Nickel, mainly used as an anti-corrosive in steel alloys, rallied in 2016 on the back of a clampdown on mines in the Philippines which took over as the main supplier to China following an ore export ban in Indonesia in place since 2014.
The market was rocked earlier this month when Indonesia abruptly announced a partial lifting of the ban allowing exports of up to 5.2 million tonnes of nickel ore this year.
In a new report Capital Economics, a London-based independent research house, believes of all industrial metals, the nickel price has the best prospects to improve adding that “the market is tightening [following years of underinvestment in new mines] and it is still too soon to say what the partial lifting of Indonesia’s ban on ore exports will mean for supply.”
In addition supply from the Philippines may remain constrained. Final results of an audit of the mining sector in the Asian nation ordered by President Duterte is expected this week.
Some 11 mines have already been shut down for failing to comply to stricter environmental rules and a further 20 are under threat. Capital Economics says ultimately 50% of the country’s mining capacity could be closed:
However, there are other sources of supply, notably from New Caledonia, that are chomping at the bit to take market share. In late December, the New Caledonia government approved requests from nickel miners to export over 2 million additional tonnes of ore to China. (The government restricts ore exports in a bid to encourage domestic processing.)

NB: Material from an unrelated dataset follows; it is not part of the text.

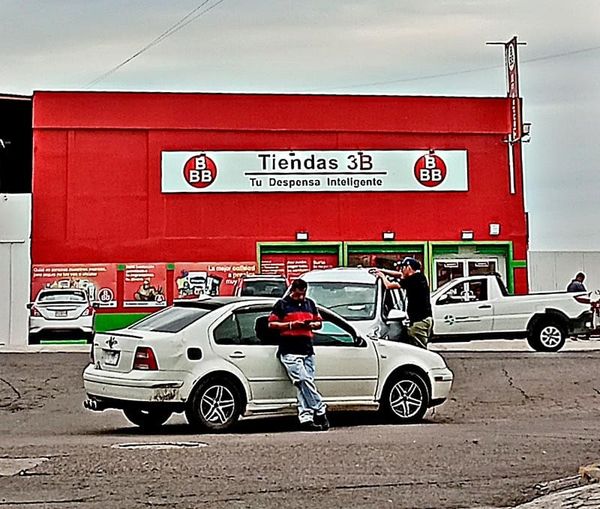 ¡PASAN SIN VER Y SE DAN TRANCAZO!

On the demand side Capital Economics estimated growth in 2016 at a robust 6.2%, but the firm warns that China’s stainless steel production have have ran ahead of demand last year. Demand for nickel could get a bump from fiscal stimulus in the US, but given the relatively small global share of US nickel consumption, the impact may be limited.
Notwithstanding the likelihood of slower growth in demand, Capital Economics continues to expect that the market will record another deficit in 2017 putting a floor under prices in 2017.
Capital Economics sees the price of nickel climbing to $11,500 per tonne by the end of the year (that’s a 20% jump from today’s price), with further upside predicted in 2018. That makes nickel the metal Capital Economics is by far the most bullish about.